**GIVEN INFORMATION**
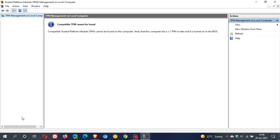And here you can see, compatible TPM cannot be found, because as I mentioned, I don't have it on this machine. But if you have it, you will see if you have TPM here installed on your hardware.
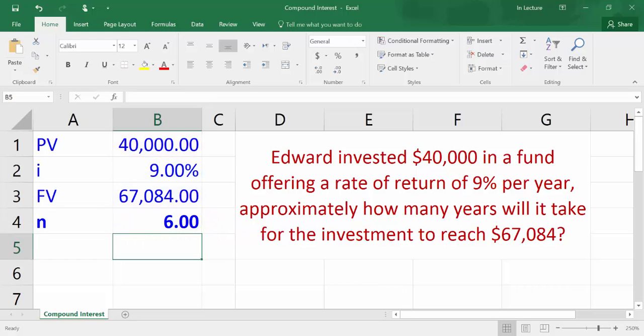Press enter. You will get the number of years, which is six years. Number of periods is in years because the interest rate is annual, so the interest rate and number of periods have the same time unit, which is years.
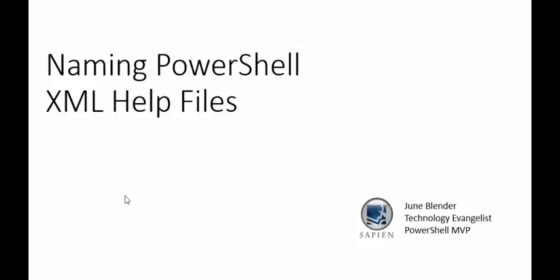So, that's naming PowerShell XML help files. I hope this has been useful. If you have trouble with your help files, or help file names, or have a question, be sure to tweet it to us. Thank you for listening.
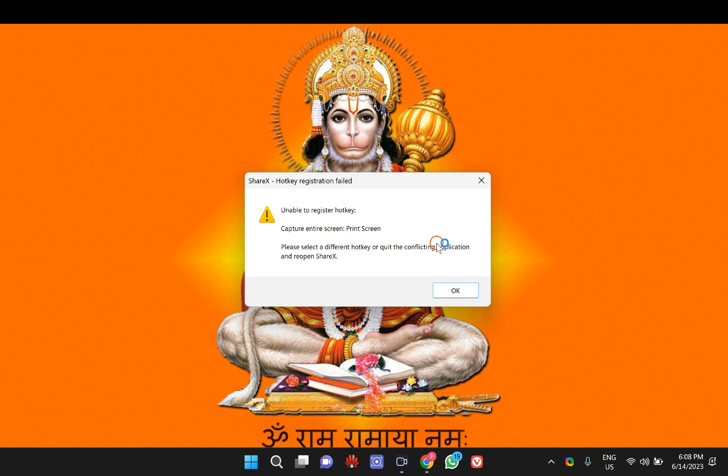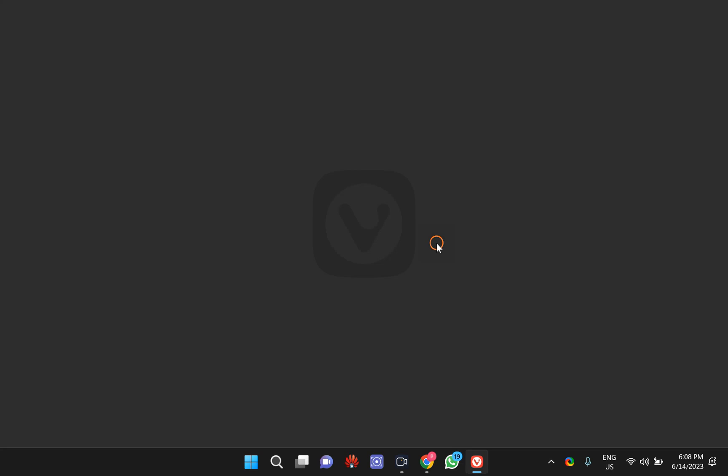Once done, when you download a large file from the internet, you will notice your download speeds has been increased a lot more. Thanks for watching this video.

**YOUR ASSIGNMENT**
Word for word, restate the lines above from the first through the one that contains "Press enter. You", and exclude all pictures.

**SOLUTION TO THIS EXERCISE**
And here you can see, compatible TPM cannot be found, because as I mentioned, I don't have it on this machine. But if you have it, you will see if you have TPM here installed on your hardware.
Press enter. You will get the number of years, which is six years. Number of periods is in years because the interest rate is annual, so the interest rate and number of periods have the same time unit, which is years.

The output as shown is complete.